■ PROBLEM DESCRIPTION ■
Beginning at the line that holds "Most Genshin Impact Characters (4.0+) Wheel", repeat every line through the last line of the material, exactly, and drop any pictures.

■ GIVEN MATERIAL ■
──────────
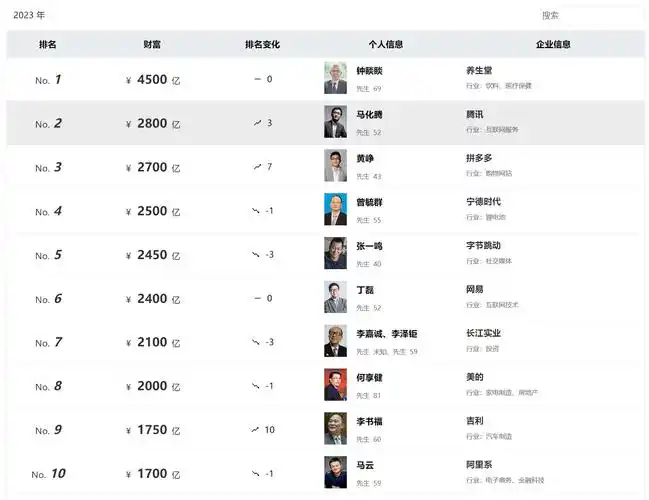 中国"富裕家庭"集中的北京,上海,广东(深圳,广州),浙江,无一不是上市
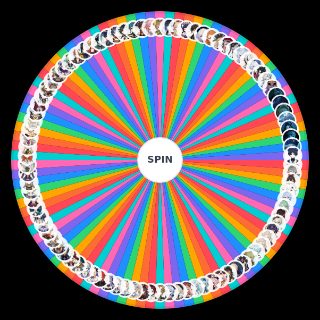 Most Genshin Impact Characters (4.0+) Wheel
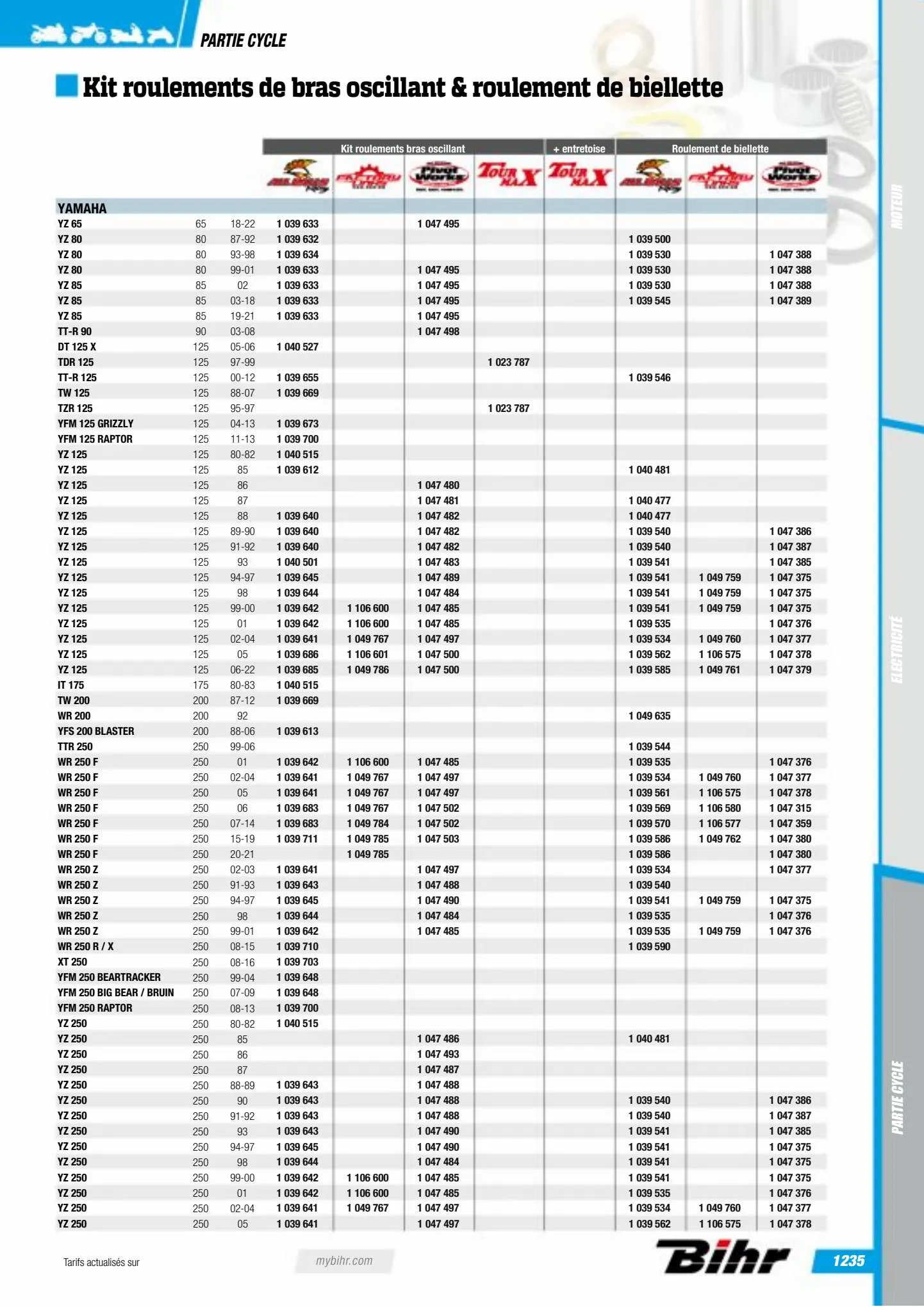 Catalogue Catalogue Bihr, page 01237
──────────
■ THE COMPLETED TASK ■
 Most Genshin Impact Characters (4.0+) Wheel
 Catalogue Catalogue Bihr, page 01237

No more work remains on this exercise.